Historical disputes between South Korea and Japan revolve around one key issue: how much, and in what fashion should Japan apologize for its colonial past. Many Koreans argue that Japan has never authentically and honestly apologized for the crimes it committed during the Imperial era. An increasing number of Japanese believe, to the contrary, that South Korea is using the “apology business” as a political bargaining chip, and that no amount of apologies, however heartfelt, will ever be enough.
To make sense of this complex situation and see past the underlying politics, we had the pleasure of interviewing Professor Alexis Dudden about her book Troubled Apologies Among Korea, Japan and the United States (Columbia University Press, 2008).
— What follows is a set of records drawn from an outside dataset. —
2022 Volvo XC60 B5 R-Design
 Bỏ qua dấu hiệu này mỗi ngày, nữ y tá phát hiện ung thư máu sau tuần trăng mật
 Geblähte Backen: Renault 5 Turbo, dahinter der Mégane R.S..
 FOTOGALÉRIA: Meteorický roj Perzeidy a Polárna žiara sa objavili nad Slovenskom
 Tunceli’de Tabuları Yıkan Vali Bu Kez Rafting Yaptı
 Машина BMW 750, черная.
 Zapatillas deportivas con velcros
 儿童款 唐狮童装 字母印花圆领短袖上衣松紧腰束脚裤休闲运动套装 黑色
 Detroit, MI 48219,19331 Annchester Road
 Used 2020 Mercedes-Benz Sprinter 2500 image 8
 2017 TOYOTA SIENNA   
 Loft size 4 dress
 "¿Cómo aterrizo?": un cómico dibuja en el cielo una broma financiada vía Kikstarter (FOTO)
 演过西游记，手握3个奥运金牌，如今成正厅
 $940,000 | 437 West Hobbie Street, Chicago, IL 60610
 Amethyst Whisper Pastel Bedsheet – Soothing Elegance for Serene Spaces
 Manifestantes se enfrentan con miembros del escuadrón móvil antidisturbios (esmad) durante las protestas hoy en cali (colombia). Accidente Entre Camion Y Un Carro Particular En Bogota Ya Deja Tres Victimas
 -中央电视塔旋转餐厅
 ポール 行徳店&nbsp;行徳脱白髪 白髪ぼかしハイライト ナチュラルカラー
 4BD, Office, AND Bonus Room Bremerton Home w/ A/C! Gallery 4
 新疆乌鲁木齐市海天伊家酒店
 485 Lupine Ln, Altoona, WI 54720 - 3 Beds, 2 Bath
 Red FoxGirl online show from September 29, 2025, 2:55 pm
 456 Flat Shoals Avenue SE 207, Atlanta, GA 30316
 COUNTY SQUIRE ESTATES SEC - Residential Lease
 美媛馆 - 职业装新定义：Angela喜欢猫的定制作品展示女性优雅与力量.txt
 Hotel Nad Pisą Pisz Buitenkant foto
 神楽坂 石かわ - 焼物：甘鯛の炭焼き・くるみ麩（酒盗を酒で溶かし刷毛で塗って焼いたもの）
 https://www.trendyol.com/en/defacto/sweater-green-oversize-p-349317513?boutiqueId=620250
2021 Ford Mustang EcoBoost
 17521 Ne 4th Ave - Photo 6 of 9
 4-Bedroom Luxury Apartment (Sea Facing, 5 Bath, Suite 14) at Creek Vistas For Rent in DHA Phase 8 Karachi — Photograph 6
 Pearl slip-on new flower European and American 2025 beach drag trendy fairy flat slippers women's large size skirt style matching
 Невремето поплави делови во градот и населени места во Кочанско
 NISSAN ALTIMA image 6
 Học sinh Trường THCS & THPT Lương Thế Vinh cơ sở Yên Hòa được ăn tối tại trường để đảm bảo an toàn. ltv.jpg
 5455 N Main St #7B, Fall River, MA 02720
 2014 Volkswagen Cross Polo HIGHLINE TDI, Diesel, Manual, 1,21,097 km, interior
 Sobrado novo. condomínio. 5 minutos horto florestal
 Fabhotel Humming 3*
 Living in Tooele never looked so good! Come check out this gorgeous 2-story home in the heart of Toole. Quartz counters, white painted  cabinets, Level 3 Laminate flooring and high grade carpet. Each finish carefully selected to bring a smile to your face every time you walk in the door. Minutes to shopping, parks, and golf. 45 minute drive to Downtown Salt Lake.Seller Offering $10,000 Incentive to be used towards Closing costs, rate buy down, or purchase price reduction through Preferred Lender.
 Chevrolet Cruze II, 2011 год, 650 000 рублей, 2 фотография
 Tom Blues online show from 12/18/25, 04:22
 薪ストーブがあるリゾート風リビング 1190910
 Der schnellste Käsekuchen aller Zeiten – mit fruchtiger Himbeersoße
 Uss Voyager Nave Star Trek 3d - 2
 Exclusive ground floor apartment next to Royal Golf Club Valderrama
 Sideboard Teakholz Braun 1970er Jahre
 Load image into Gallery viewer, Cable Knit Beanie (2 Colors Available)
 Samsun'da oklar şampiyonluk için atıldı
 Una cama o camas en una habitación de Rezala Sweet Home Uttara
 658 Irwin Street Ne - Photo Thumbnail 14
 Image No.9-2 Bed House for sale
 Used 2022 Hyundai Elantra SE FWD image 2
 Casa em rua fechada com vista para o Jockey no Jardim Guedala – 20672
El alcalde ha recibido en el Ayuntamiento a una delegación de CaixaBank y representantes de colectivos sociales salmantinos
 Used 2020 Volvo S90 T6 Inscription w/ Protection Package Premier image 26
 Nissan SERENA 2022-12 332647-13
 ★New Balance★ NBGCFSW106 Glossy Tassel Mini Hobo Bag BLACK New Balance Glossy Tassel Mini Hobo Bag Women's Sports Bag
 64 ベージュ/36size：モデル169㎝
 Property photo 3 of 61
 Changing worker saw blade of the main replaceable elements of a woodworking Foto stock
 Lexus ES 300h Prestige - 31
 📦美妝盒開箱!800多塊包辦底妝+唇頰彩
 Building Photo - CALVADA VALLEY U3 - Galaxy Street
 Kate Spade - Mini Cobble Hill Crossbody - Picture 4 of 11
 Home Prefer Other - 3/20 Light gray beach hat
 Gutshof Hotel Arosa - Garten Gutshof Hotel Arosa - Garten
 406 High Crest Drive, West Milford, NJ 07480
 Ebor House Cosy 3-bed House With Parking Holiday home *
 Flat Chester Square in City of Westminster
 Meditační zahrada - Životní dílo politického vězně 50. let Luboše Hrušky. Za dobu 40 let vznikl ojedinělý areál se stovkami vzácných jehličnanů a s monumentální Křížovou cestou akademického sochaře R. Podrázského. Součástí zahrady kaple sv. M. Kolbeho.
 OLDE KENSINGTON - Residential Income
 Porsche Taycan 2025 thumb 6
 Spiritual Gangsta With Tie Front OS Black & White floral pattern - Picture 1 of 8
Professor Dudden is our first returning guest: we had a great conversation back in Episode 28 about Imperial Japan’s attempts to provide legal and moral legitimacy to its colonization of the Korean Peninsula, based on her first book, Japan’s Colonization of Korea: Discourse and Power, published in 2005 (University of Hawai’i Press).
Professor Dudden is Professor of History at the University of Connecticut; she received her BA from Columbia University and her PhD in history from the University of Chicago. She has published in various academic journals and news outlets, including the Journal of Asian Studies, Dissent and The New York Times. Professor Dudden is currently working on her third book, Islands, Empire, Nation: A History of Modern Japan, under contract with Oxford University Press.
Do we really need to be fighting over the Nanjing Massacre? We know it happened. We know it was awful. What are we using that history for? As a diversion today. And so that’s how I think about how histories are used politically as weapons, as ruses, as devices to divert attention away from very key and ongoing social-political problems. Collectively, the one that suffers the most is climate change.
The interview was recorded on November 21st in Seoul.